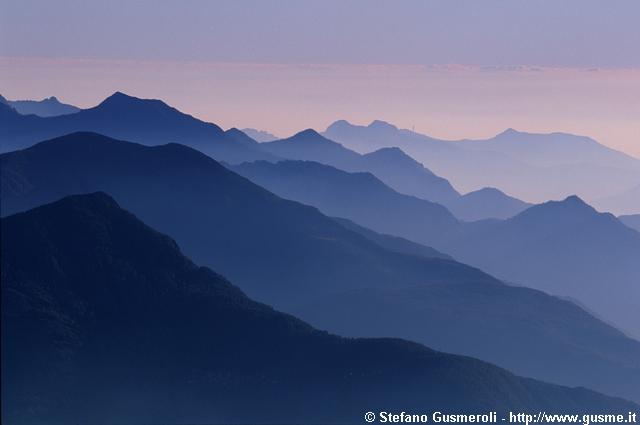  Legnoncino, Croce di Muggio, Pilastro e Corni di Canzo - click to next image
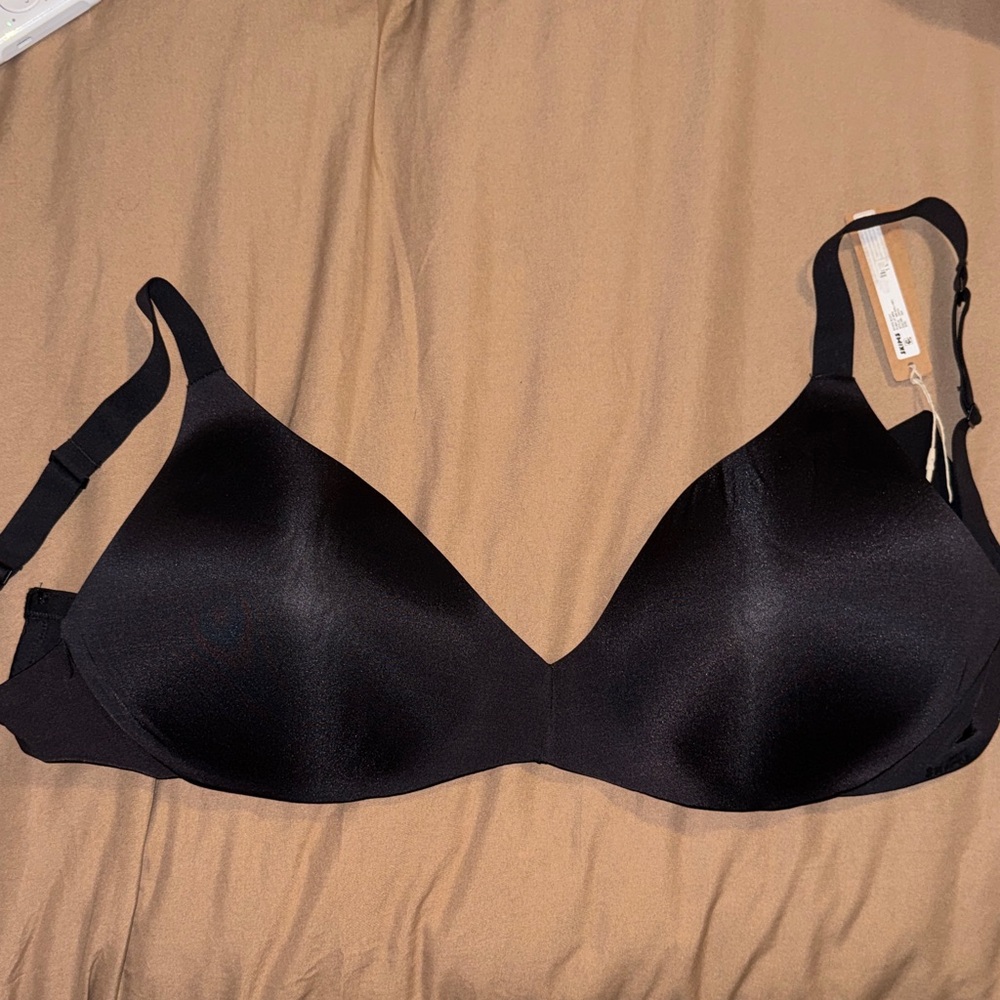 SKIMS BRAND NEW 36H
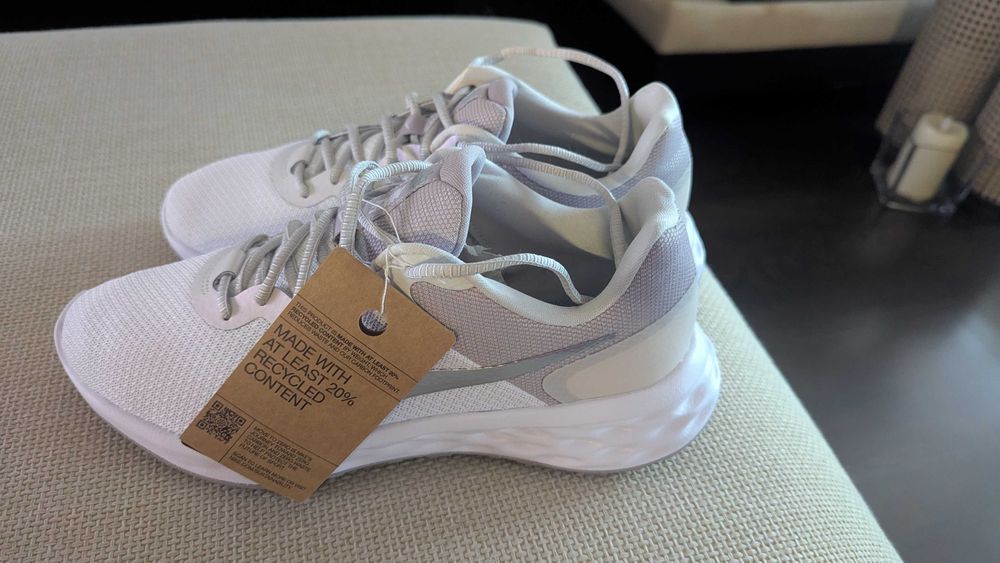 Дамски маратонки Nike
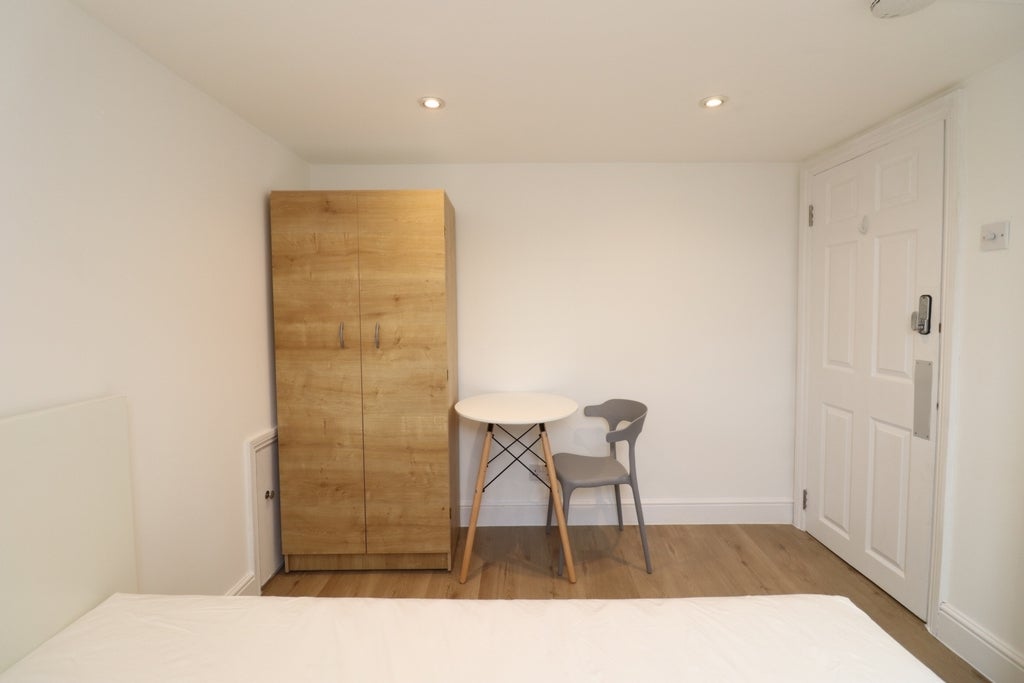 Room Globe Road in Greater London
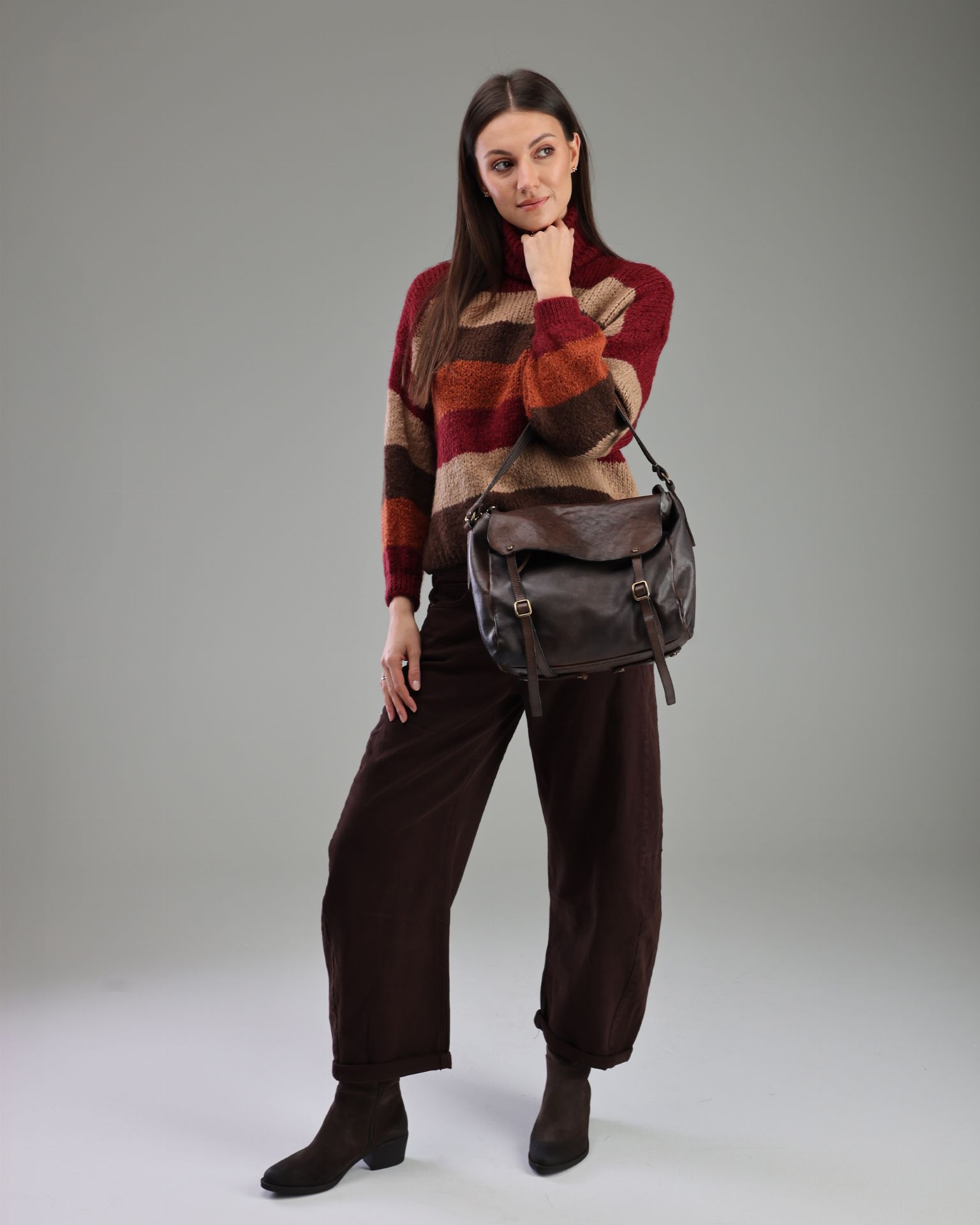 venezia_skorzana_torebka_damska_brazowa_listonoszka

******************************

— Task item —
Could you retype each line of the material above exactly, skipping the pictures?

— Task response —
  Legnoncino, Croce di Muggio, Pilastro e Corni di Canzo - click to next image
 SKIMS BRAND NEW 36H
 Дамски маратонки Nike
 Room Globe Road in Greater London
 venezia_skorzana_torebka_damska_brazowa_listonoszka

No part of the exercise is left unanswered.